Some Ergonomics Advice

  • The first time you buy a bike, get expert advice on frame sizing before making your purchase — at best the wrong size will be uncomfortable for you, at worst, unsafe!
  • Especially the first time you buy a bike, get some expert help adjusting the saddle position. Once you understand what’s right and what’s wrong, and why, you can do it yourself, but it really pays to get that help initially! Again, at best a poorly adjusted bike is uncomfortable, at worst, it’s unsafe! You’ll have less control, and you could very well do yourself an injury purely from the poor ergonomics.
  • Adjust the angle of your brake leavers and gear shifters so you can rest your fingers on the brakes without bending your wrist (that’s 45° down from horizontal for me).
  • Consider buying a pair of bar-ends to give yourself a variety of hand positions for longer cycles. Also, to allow a straight wrist position by having your hands perpendicular to the handlebars. (You don’t need anything fancy, or even big, I like the small subtle ones from BBB: amazon.co.uk/… or in the US: Origin8 Compe Lite Bar End)

Bonus Tip

Don’t confine yourself to the big two brands (Giant & Trek) — there’s great value available from the lesser-known brands. In my experience, you’ll get one spec-level higher for the same price if you go off-brand. You just need to be sure the brand is trustworthy. The most trustworthy source for that would be people you know and trust, second would be the staff in a good bike shop, and third would be reviews in well-trusted publications of any kind.
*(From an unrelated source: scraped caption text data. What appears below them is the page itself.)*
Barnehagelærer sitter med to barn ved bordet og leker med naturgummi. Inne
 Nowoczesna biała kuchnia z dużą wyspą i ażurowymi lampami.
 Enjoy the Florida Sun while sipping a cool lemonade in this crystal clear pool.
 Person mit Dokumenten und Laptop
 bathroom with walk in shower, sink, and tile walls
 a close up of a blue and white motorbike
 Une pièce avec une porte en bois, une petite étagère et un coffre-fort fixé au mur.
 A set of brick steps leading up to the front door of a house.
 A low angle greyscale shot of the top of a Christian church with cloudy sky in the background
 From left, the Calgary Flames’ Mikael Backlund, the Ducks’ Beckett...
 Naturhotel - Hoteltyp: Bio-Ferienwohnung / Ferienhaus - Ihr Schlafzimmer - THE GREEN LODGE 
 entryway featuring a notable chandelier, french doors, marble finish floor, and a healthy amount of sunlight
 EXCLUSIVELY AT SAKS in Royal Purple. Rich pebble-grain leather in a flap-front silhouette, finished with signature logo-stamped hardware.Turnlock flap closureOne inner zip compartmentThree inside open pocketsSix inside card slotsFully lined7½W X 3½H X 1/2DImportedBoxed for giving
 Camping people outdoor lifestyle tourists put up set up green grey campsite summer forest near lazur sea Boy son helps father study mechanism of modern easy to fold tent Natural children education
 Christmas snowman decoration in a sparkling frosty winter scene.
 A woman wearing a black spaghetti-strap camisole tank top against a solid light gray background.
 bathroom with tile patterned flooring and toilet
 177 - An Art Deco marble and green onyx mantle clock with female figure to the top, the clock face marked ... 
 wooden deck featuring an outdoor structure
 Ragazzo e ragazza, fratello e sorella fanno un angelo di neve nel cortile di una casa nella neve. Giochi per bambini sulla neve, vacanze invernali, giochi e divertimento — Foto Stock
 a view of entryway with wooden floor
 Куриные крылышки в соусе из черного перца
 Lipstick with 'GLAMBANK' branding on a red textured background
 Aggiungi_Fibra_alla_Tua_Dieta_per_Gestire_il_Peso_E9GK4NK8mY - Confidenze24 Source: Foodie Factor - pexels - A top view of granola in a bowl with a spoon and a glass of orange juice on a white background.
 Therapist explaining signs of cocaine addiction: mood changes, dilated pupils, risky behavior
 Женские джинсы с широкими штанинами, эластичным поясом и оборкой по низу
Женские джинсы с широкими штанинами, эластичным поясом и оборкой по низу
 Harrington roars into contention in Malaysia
1 thought on “CCATP #604 – Bart Busschots on Tech of Buying a Mountain/City Bike

  1. Gazmaz - August 28, 2019

    Thanks Bart, I listened to the podcast, held onto it and listened again I then listed to certain parts for a 3rd and even 4th time.
    I’ve sent you an image of what I finally purchased along with some of the extras you mentioned. I have to say your comments really helped me in deciding what to get. I picked up the bike earlier today and rode it the 18miles home. Really pleased with it and glad I took on board your advice.